Geneva’s ‘Parsifal’ escapes boos of Wagner productions, ends in embrace on stage and in crowd
By Bradley S. Klapper, APFriday, March 19, 2010
Geneva’s ‘Parsifal’ ends in embrace
GENEVA — Geneva’s new “Parsifal” production escaped the boos heard after several recent Richard Wagner opera premieres at the Grand Theatre, with a richly colored staging accompanying music that was at times so sensuous the allegory of Christian salvation seemed destined to end in embrace.
Perhaps it was a nod to Wagner the young revolutionary, and not the moralizing elder, that Swiss director Roland Aeschlimann chose to finish the German composer’s final opera with spiritual and earthly redemption.
Instead of falling lifelessly to the ground, the bewitched temptress Kundry walked halfway across the stage during Thursday night’s opener to seek out the Holy Grail’s shamed keeper Amfortas. In place of a scripted solemn bow to the hero Parsifal, Amfortas takes Kundry in his arms as both are relieved of suffering.
After more than four hours of often sublime music under American maestro John Fiore, and a stage that alternated in ethereal blues, greens and violets, the ploy worked. And after loud boos at a 2008 “Lohengrin” production that situated medieval Belgium in Communist Party headquarters, and mixed reaction to a 2005 “Tannhaeuser” staging featuring a pornographic actor, the modern but subdued rendering of Parsifal won over Geneva’s conservative collection of Wagner aficionados.
“It was very beautiful to watch, and it was important that it was faithful to Wagner’s idea,” said Georges Schuerch, president of the local Wagner society. He said he would attend Sunday’s second performance as well.
There were scattered “Bravi” from the crowds. The largest were for experienced bass-baritone Albert Dohmen and for the conductor Fiore, who kept the orchestra tidy through the score’s infinite melody and leitmotifs. Where soft winds were called for, the lulling sound was entrancing; at moments of triumph, the big brass cracked the air.
The story of Parsifal is a complicated mixture of pagan mysticism, Christianity and Buddhism, and the Geneva production seeks to break it down to the basics.
The opera starts with the forces of good in trouble, as the knight-priests guarding the Holy Grail have lost the magical spear that pierced Christ’s body and formed the complement to the chalice Jesus drank from. The impure Klingsor, a former outcast of the fellowship, now has one-half of the hoard of the world and has the grail in his sights.
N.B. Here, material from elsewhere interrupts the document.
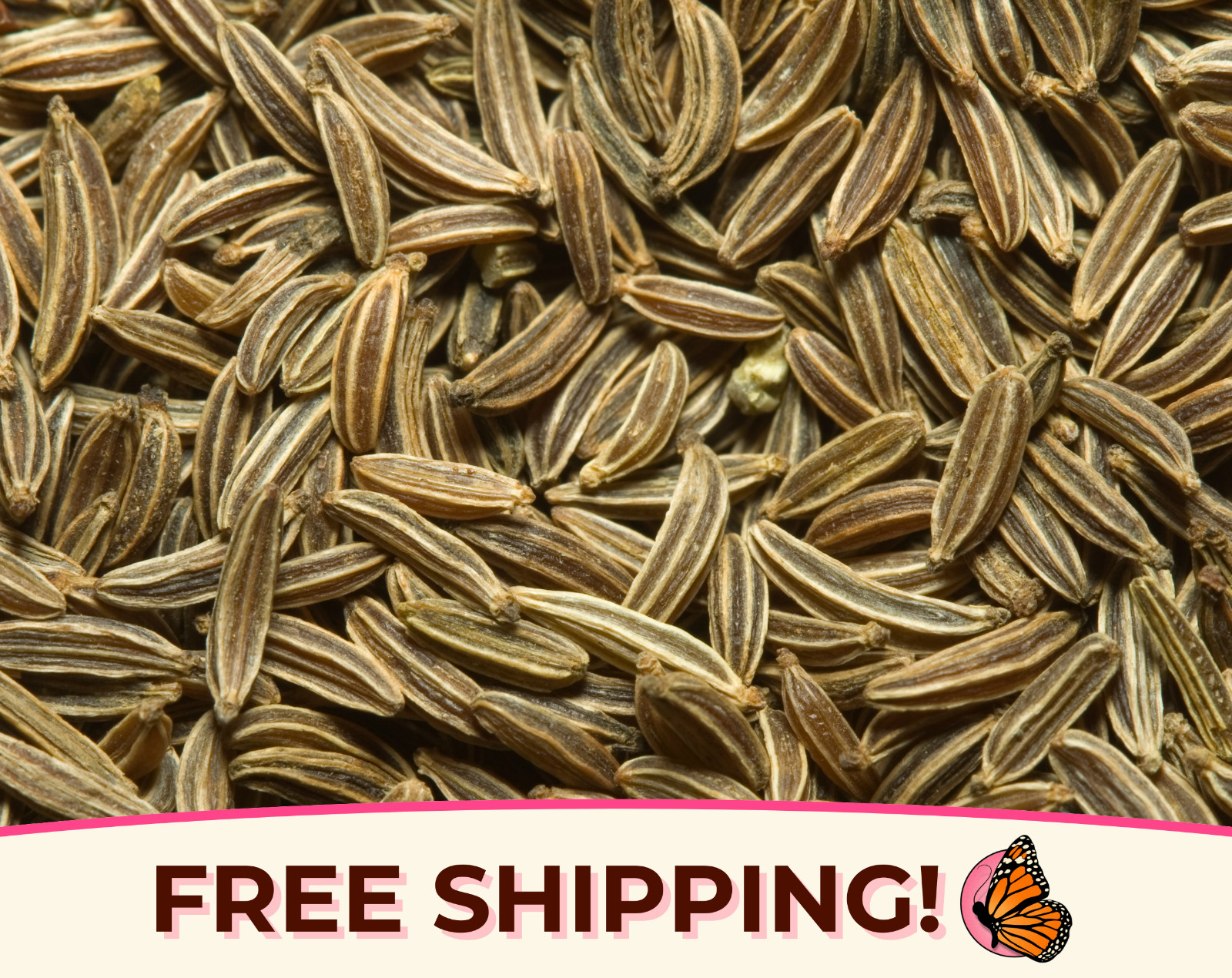 600+ Cumin Seeds | Non-GMO, Culinary Herb Gardening Seed Packet, Free Shipping
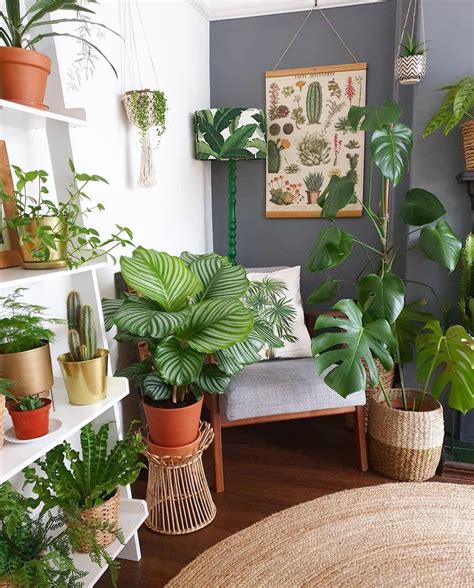 🍃 We feature the best of #indoorplantsdecor 😍 ! Follow us for ...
Only an innocent fool can save the knights and their leader, Amfortas, who is refusing his grail duties out of shame for losing the spear while succumbing to Kundry’s seduction. Parsifal enters an idiot child, but after withstanding the charms of Kundry and the other beauties of Klingsor’s realm, retrieves the spear and heals Amfortas of his flesh and spiritual wounds. Kundry is redeemed as well.
Aeschlimann paints the Kingdom of the Grail in a mist of heavenly azure, with the knights’ names inscribed on the stage. As the knights in trench coats congregate for their sacred ceremony, a floating vault appears with jumbled letters and symbols like the riddles of the universe. The grail is uncovered and the mess clears away, shooting an effigy of Jesus into the air and then a bright light as if shining through a black hole.
But then things turn swampy, as the opera enters Klingsor’s green haze of a valley below. Light has been replaced by a giant hypnotist spiral as Klingsor’s spell forces Kundry to do her dirty work. Then it’s a menacing spear hanging vertically on the stage, highlighting the omnipresent threat Parsifal faces and his holy task even as Klingsor’s sexy flower maidens lavish the hero with caresses.
In this version, Parsifal nearly loses his shirt. It would have been less appealing if not for the strikingly handsome German tenor Klaus Florian Vogt, whose looks were as important as his clean, untiring voice in making Aeschlimann’s staging a success.
Finally, the opera returns to the knights on a billowy white bed. The grail is revealed again, and Parsifal climbs the mantle toward truth’s shining light as the music returns to Wagner’s hymn of love and praise.
The largely German cast provided delightful diction, with Vogt looking and sounding the part of a Wagnerian heldentenor.
Dohmen gave a dignified, elegant performance as the moderating knight Gurnemanz, and Lioba Braun was equally sultry in Kundry’s red dress and convincing in her remorse, even if some higher notes were forced. Andrew Greenan was a menacing Klingsor, but Detlef Roth seemed a bit too epileptic as Amfortas and wasn’t helped by some rather buffoonish white paint on his face.
Six more performances are planned through April 2.